Quando il vecchio poeta gira per Berlino esclama: "Dev'essere da qualche parte! Non riesco a trovare Potsdamer Platz"... Se negli anni Venti essa era il luogo più vivace della città, la seconda guerra mondiale l'ha totalmente cancellata e nel film, girato nel 1987, appare come una terra di nessuno, abbandonata e sommersa dalla vegetazione. A Renzo Piano spetta oggi il compito di riportarla ad essere il fulcro della vita berlinese, con un intervento edilizio eccezionale reso possibile dalla volontà di molte aziende di costruirsi una nuova sede nel centro.

In un'altra sequenza del film si dice: "Berlino... in ogni caso non ci si può perdere, si arriva sempre al Muro" e Wenders riprende con insistenza sia le nude pareti grigie, sia quelle decorate dai graffiti, seguendole con movimenti dei personaggi o di macchina che le fanno apparire curve, dando l'idea complessiva del Muro come di un recinto circolare che chiude e opprime su tutti i lati, mentre nella realtà separa Ovest ed Est correndo da nord a Sud. Più avanti si dice: "In ogni città si sente la nostalgia di un'altra ancora più grande" facendo riferimento molto probabilmente alla divisione in due città di quella che era la metropoli più grande della Germania. Evidentemente, un pezzo di storia e di architettura così significativo e così doloroso per Berlino come il Muro, non poteva non occupare grande spazio in un film girato due anni prima della sua caduta. 
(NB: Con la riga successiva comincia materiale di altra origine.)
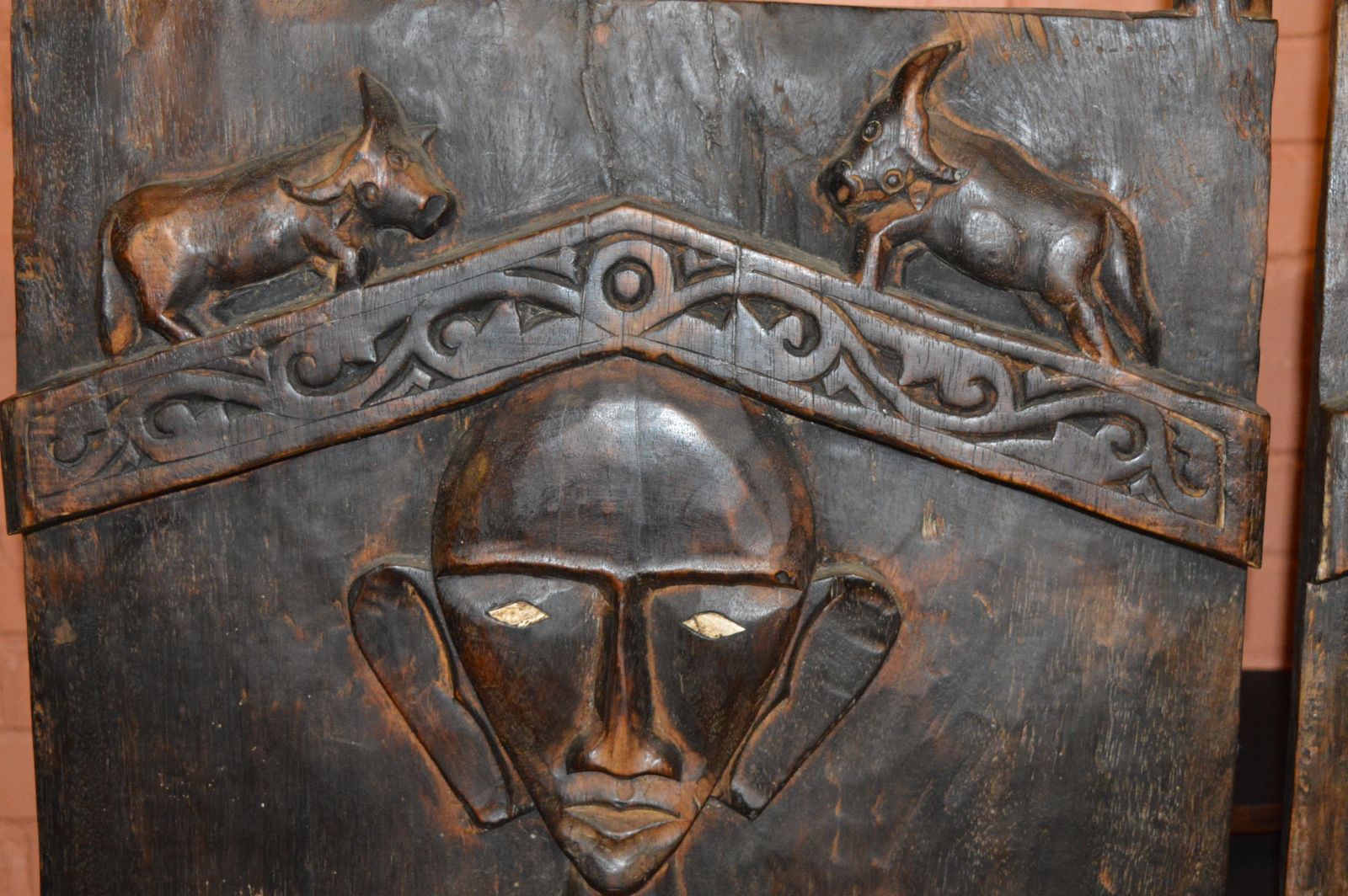 Pair Large (148cm) Antique Carved Tribal Doors Toraja Tribe, Sulawesi, Indonesia, C1850. photo furniture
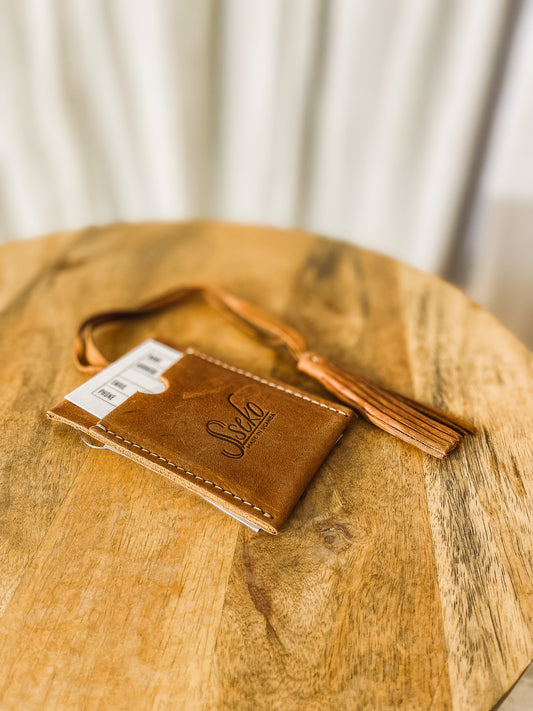 Sseko Luggage Tag in Oiled Caramel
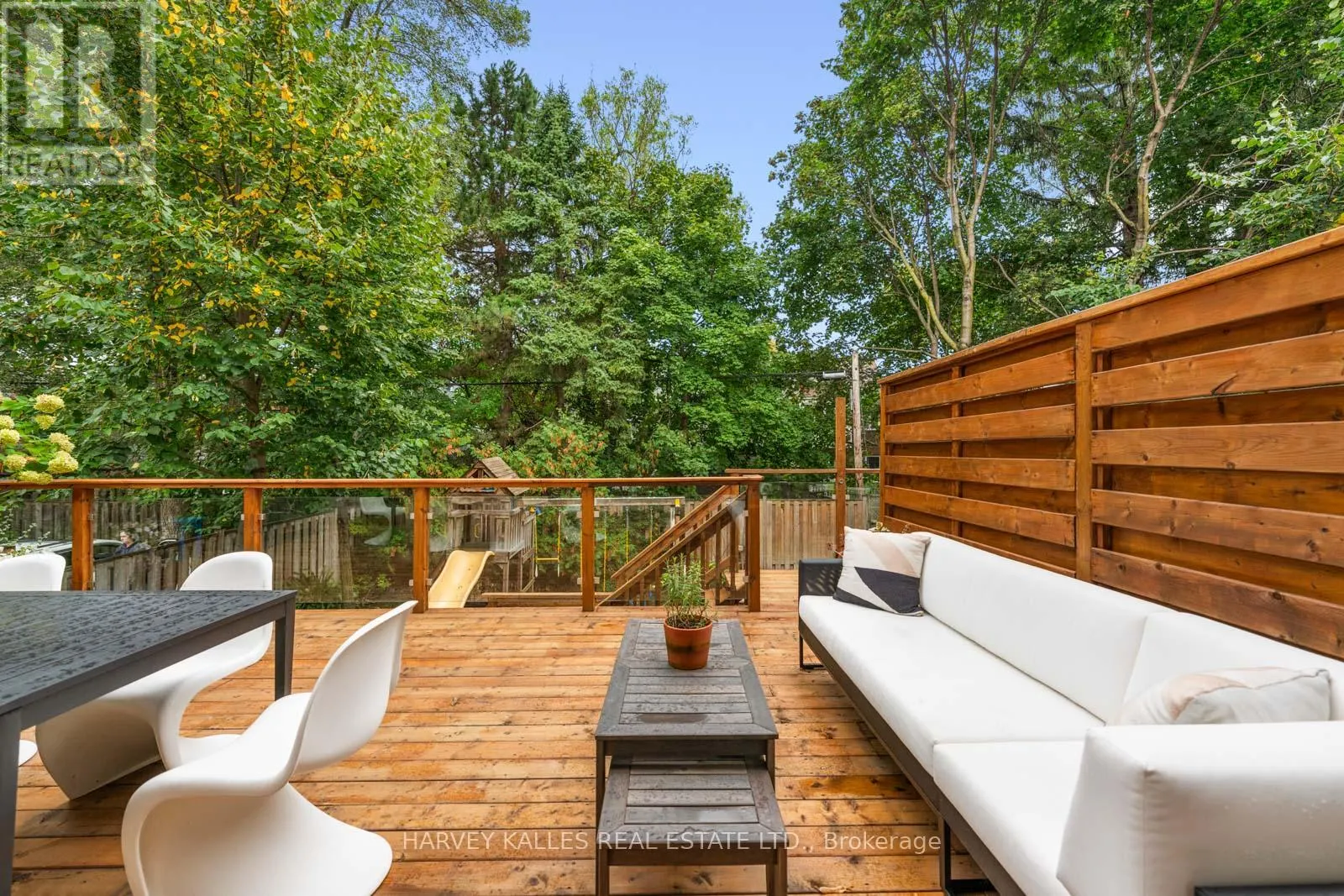 1717B BATHURST STREET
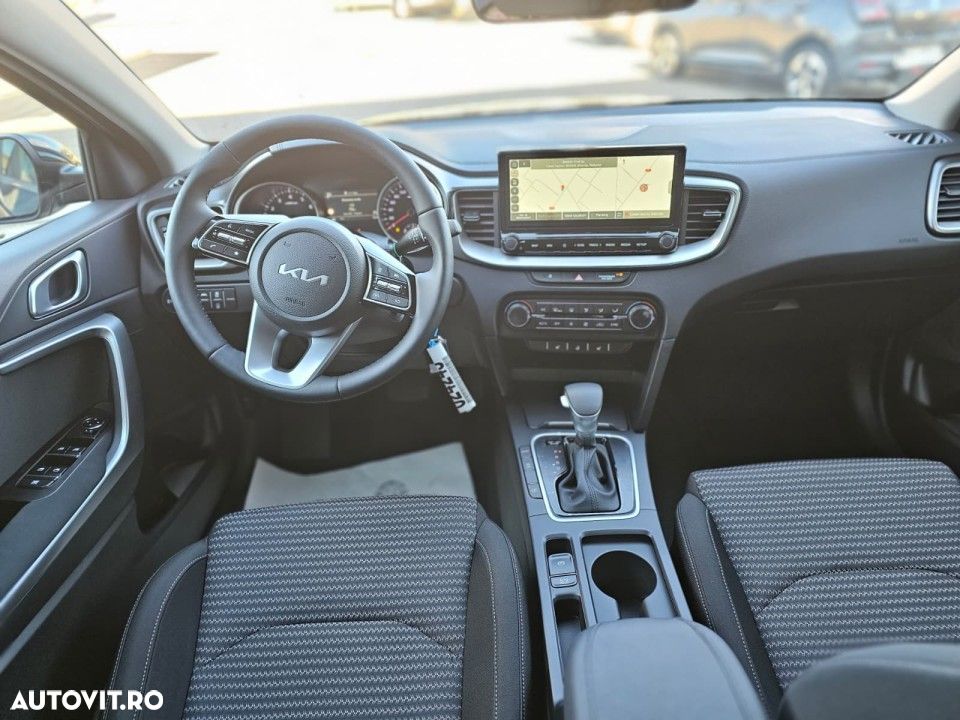 Kia XCeed 1.6 T-GDI 7DCT City - 8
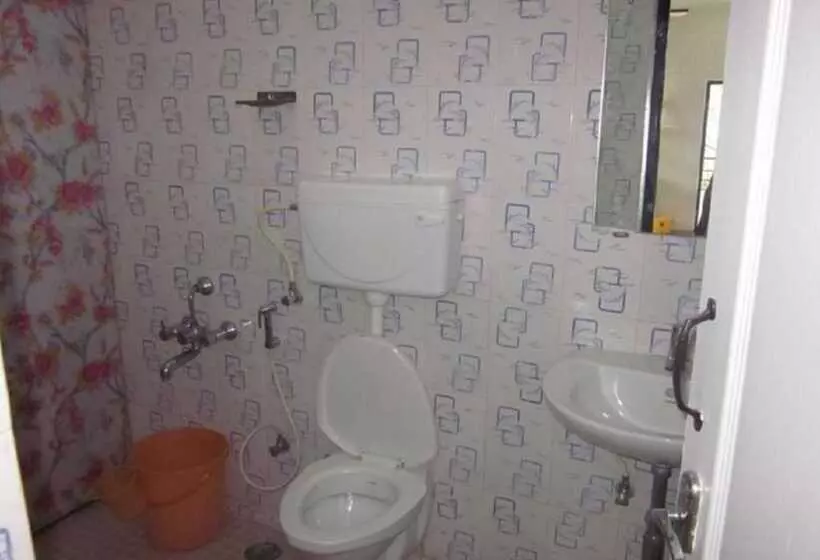 Hotelli Livgrand Clifton Inn Resort, Yercaud   Residenza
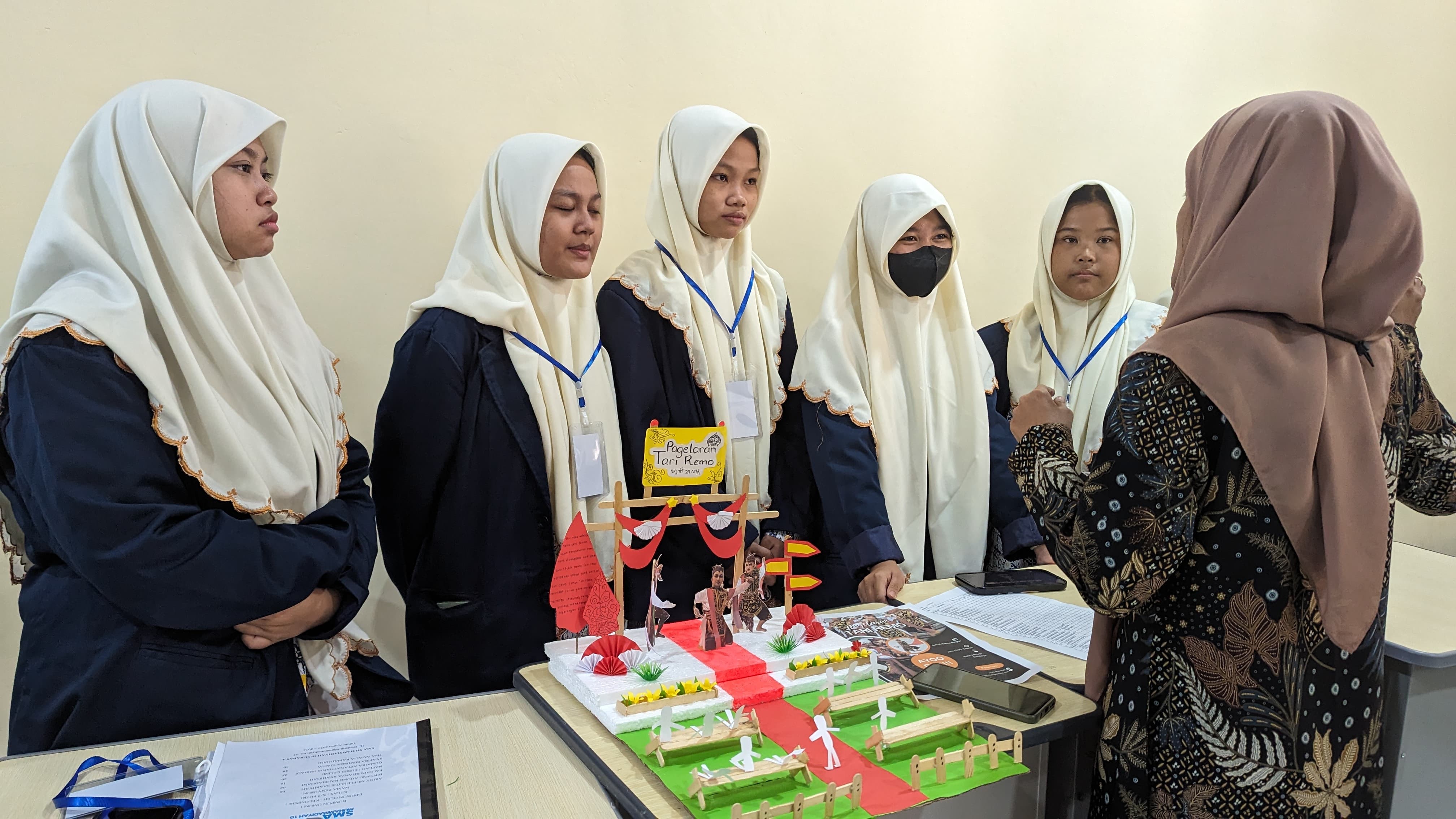 BERPRESTASI: Pilihan jurusan siswa-siswi SMA Muhammadiyah 10 Surabaya di PTN adalah meneruskan sesuai potensi bakat minat yang diikuti selama di sekolah.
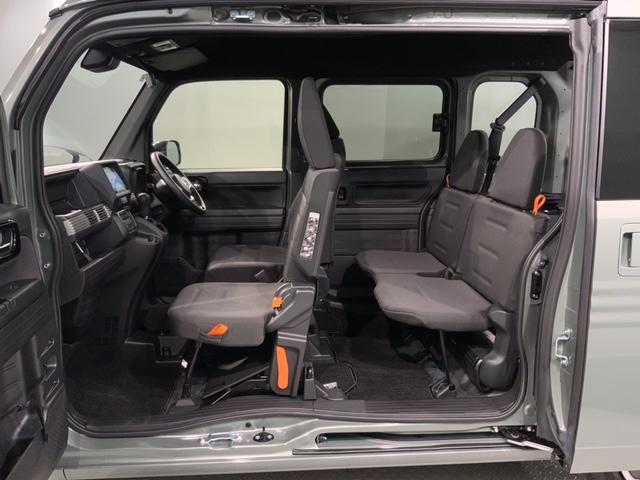 N-VAN ファン・ターボ 禁煙試乗車 新車保証継承 ナビ Rカメラ ETC BTaudio フルセグ LEDライト ターボ クルコン フォグライト(18枚目)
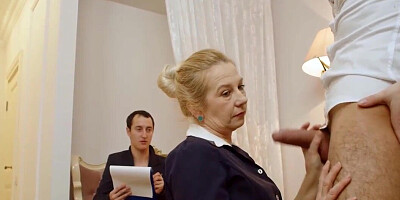 Room service lady gets to enjoy a younger dick inside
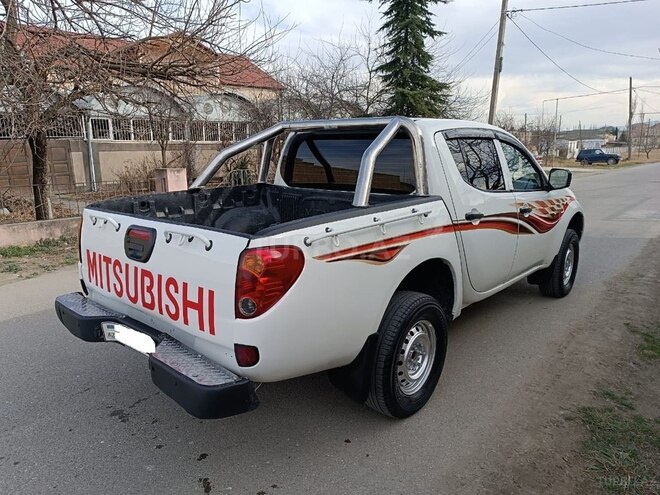 Mitsubishi L200 2008, 374,100 km - 2.5 l - Qusar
È interessante notare che non vengono filmati molti dei monumenti più celebri di Berlino, per scelta, perché per il regista Berlino è ben più di qualche luogo famoso, è nell'insieme un simbolo di storia e di futuro per la Germania: "Berlino, oggi, è il luogo in cui senti davvero di essere arrivati alla fine del Ventesimo secolo", "Berlino è una città che rimanda continuamente al futuro, che ci spinge in avanti", "Berlino è una città che reclama sempre un seguito", "Berlino è l'ultimo atto. Il resto è preistoria. Se storia ci sarà, Berlino sarà l'inizio".